THUMP: Em minha opinião, The Air Between Words é um album muito interessante, já que é seu primeiro disco que (talvez por fatores cronológicos apenas) sinto que une sua história nas cenas techno e house holandesa e europeias, bem como sua vida nos EUA. Tendo tocado tantos anos na Europa, e vendo a dance music estourar na América do Norte, que mudanças você observou nestes últimos anos?
Martyn: Quanto a tocar nos EUA, muito mudou. Moro aqui há cerca de cinco ou seis anos. No início, tocava em um monte de eventos ligados ao dubstep porque era onde as pessoas me encaixavam. Foi ficando cada vez mais difícil fazer bons shows porque aqui rolou aquela transição entre o dubstep antigo e o que agora chamam de dubstep ou EDM, que seja.

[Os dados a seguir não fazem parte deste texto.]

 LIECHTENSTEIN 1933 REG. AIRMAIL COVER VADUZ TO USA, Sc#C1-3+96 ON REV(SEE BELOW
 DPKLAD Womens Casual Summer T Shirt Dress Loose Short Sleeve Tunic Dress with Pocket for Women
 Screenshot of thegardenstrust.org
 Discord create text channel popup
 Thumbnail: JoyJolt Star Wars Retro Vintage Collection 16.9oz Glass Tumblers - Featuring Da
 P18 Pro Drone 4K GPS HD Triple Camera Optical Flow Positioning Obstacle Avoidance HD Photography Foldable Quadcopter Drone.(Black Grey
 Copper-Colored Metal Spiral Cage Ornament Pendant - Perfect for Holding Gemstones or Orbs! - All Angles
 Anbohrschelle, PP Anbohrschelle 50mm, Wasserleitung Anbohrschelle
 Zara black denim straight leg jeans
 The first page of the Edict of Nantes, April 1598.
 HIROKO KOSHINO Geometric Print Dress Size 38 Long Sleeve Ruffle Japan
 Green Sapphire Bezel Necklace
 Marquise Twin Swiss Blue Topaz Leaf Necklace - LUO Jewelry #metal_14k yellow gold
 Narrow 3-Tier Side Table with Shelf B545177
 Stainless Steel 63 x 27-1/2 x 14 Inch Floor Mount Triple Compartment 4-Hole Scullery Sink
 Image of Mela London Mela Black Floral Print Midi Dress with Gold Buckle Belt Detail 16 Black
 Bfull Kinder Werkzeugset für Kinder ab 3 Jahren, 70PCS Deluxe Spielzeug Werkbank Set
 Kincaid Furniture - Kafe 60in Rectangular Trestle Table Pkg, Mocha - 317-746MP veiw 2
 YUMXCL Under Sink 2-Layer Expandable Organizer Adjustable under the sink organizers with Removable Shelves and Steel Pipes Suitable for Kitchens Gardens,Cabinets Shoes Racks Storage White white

Na maioria das vezes me via preso em line-ups em que quem tocava antes ou depois de mim fazia esse som brostep ridículo. Com o tempo, foi ficando deprimente. Se você toca esse som incrível, profundo, se o primeiro disco do cara que vem depois de você é essa explosão climática, ele acaba tomando tudo que você fez nas duas horas anteriores. Depois fiquei desiludido com tocar nos EUA. Não corri mais atrás de shows por uns dois anos.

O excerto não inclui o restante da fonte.